API contract. Operator API only requires that the scale tensor is contiguous and has numel_scale(...) elements. The Python shape is otherwise free -- the 1D buffers above are valid input as-is. If a structured shape is more convenient, any reshape preserving the element count and contiguity also works:

python
from cutlass.operators.utils.common import round_up

scale_A = scale_A.view(L, round_up(M, 128), -1)
print(f"scale_A: shape={tuple(scale_A.shape)}, contiguous={scale_A.is_contiguous()}")
print(f"scale_B: shape={tuple(scale_B.shape)}, contiguous={scale_B.is_contiguous()}")

Most kernels for block-scaled GEMM expect that the scale storage is already laid out in the swizzled layout used by hardware. When we set swizzle=Swizzle32x4x4, we declare that we are providing input in this layout. In a real workflow, that layout is produced by a quantization step or an earlier kernel that writes the scale values directly into it.

We don't explicitly perform that rearrangement in this tutorial. We'll use torch._scaled_mm for checking our output, which also expects data in the same swizzled layout. Since kernels interpret the storage the same way, we can cross-check our result without an explicit swizzle step.

Step 4: Pair the quantized tensor with its scale via ScaledOperand

Now we package each quantized tensor with its scale tensor, mode, and swizzle into a ScaledOperand.

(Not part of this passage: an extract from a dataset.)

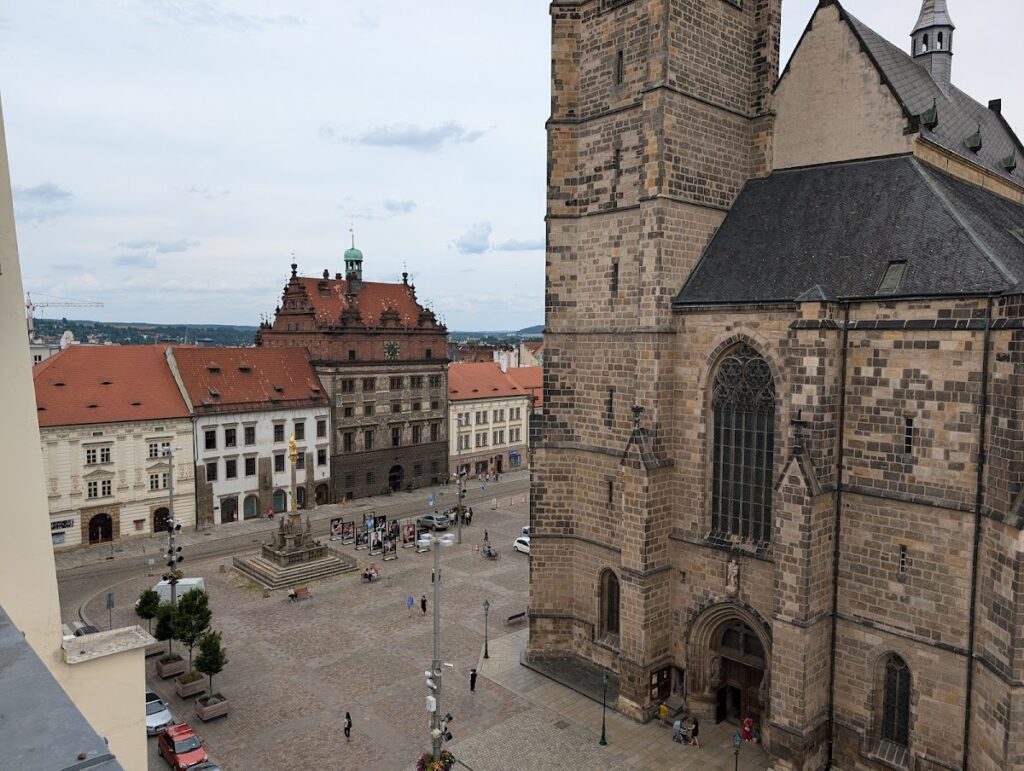 Cathedral of St. Bartholomew: Gothic Cathedral and Landmark of Plzeň 3 Cathedral of St. Bartholomew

Once paired, GemmArguments looks the same as in the plain GEMM tutorial -- the only difference is that A and B are ScaledOperands rather than plain tensors.

python
args = ops.GemmArguments(
    A=ops.ScaledOperand(quantized_A, scale_A, mode, swizzle),
    B=ops.ScaledOperand(quantized_B, scale_B, mode, swizzle),
    out=out, # same as DenseTensor(out)
    accumulator_type=torch.float32,
)

Step 5: Discover, compile, and run

From this point on, everything is identical to any other operation!

Despite the different set of tensors passed to the underlying kernel, the interface with the Operator remains the same -- there is no separate BlockScaledGemmArguments, block_scaled_get_operators, or run_block_scaled API. We hand args to get_operators(...), which walks the registered Operator catalog and finds the ones compatible with the operation we described -- same as any other operation.

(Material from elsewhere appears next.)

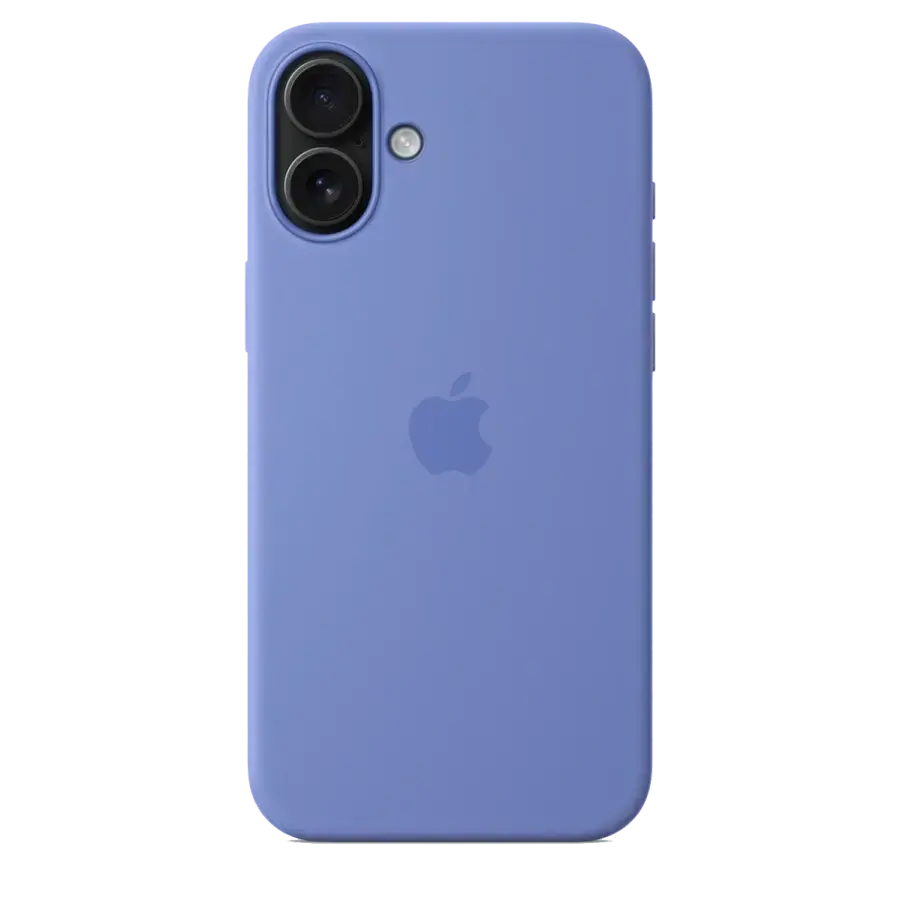 Чехол Apple iPhone 16 Plus Silicone Case with MagSafe - Periwinkle (MDGV4)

We describe what operation to perform (via GemmArguments); the API finds operators that know how to do it.

We then pick the first one and run it.

python
target_sm = ops.utils.device.device_or_env_target_sm()

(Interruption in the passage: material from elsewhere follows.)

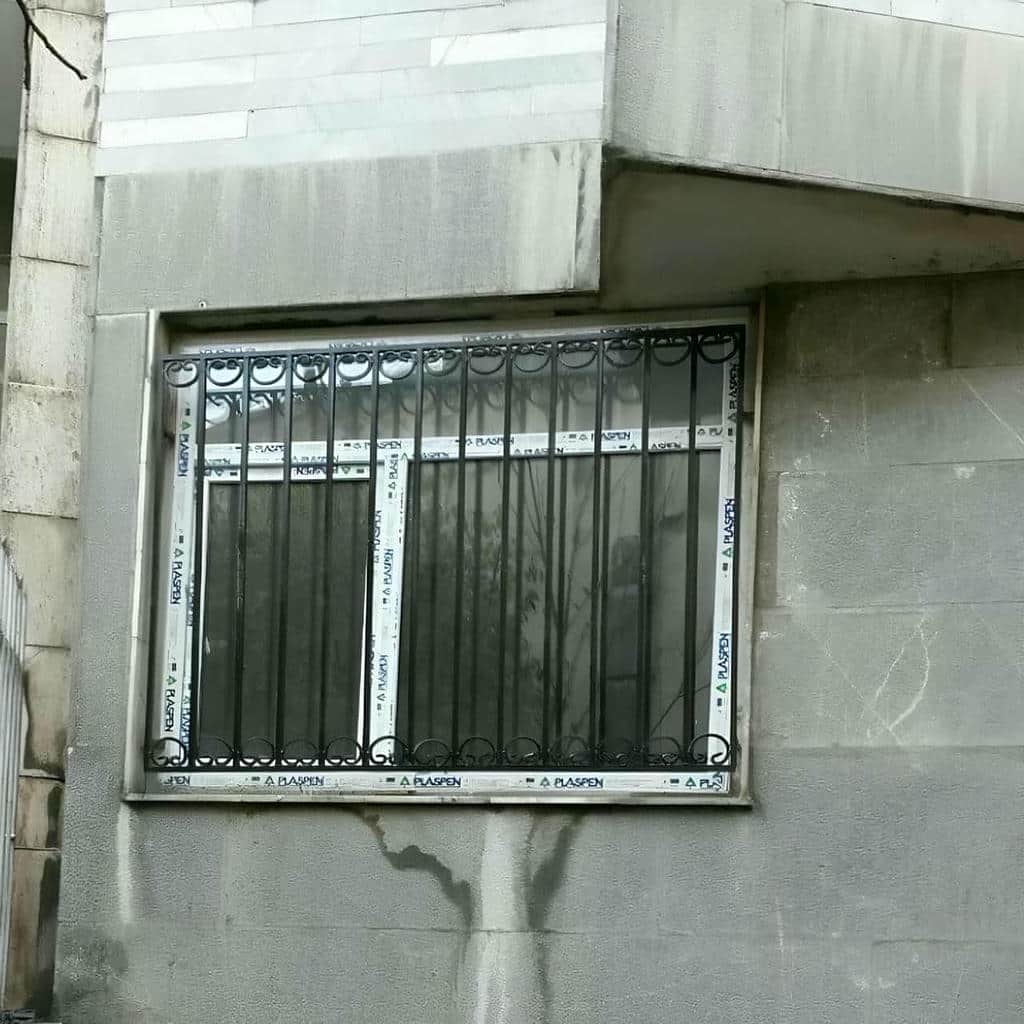 خرید حفاظ پنجره نرده فلزی ضدزنگ در نظرآباد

operators = ops.get_operators(args, target_sm=target_sm)
assert operators, "No block-scaled GEMM operator matched the given args"
operator = operators[0]
print(f"Picked: {operator.metadata.operator_name}")

operator.run(args)

Verifying against torch._scaled_mm

To confirm the result, we cross-check out against PyTorch's reference implementation, torch._scaled_mm.

python
def reference_scaled_mm(A, B, scale_A, scale_B, out_dtype):
    L, M, N = A.shape[0], A.shape[1], B.shape[2]
    scale_A = scale_A.reshape(L, -1)
    scale_B = scale_B.reshape(L, -1)
    out = torch.empty((L, M, N), device=A.device, dtype=out_dtype)
    for L_idx in range(L):
        out[L_idx] = torch._scaled_mm(
            A[L_idx], B[L_idx], scale_a=scale_A[L_idx], scale_b=scale_B[L_idx], out_dtype=out_dtype
        )
    return out


reference = reference_scaled_mm(quantized_A, quantized_B, scale_A, scale_B, out_dtype)
torch.testing.assert_close(out, reference)

Recap

You've run an MXFP8 block-scaled GEMM end-to-end through the same Operator API entry points used in the basic GEMM tutorial:

  1. Describe the operation with GemmArguments. Each slot is an Operand -- a logical role like "the matrix A" -- and accepts whatever storage form the operand needs: a DenseTensor (any DLPack-compatible tensor) or a ScaledOperand when the value is reconstructed from a quantized tensor + scale.
  2. Discover with get_operators(args). The Operator catalog filters down to the kernels that match the arguments you described.
  3. Compile and run with operator.compile(args) / operator.run(args). Identical to the basic GEMM flow.

What changed from the basic to the block-scaled tutorial is only how the operands are described: ScaledOperand instead of plain tensors. We express the operation we want to perform, and Operator API maps it to a supported kernel. The same pattern -- describe GemmArguments -> get_operators -> compile / run -- works despite different kernel implementations.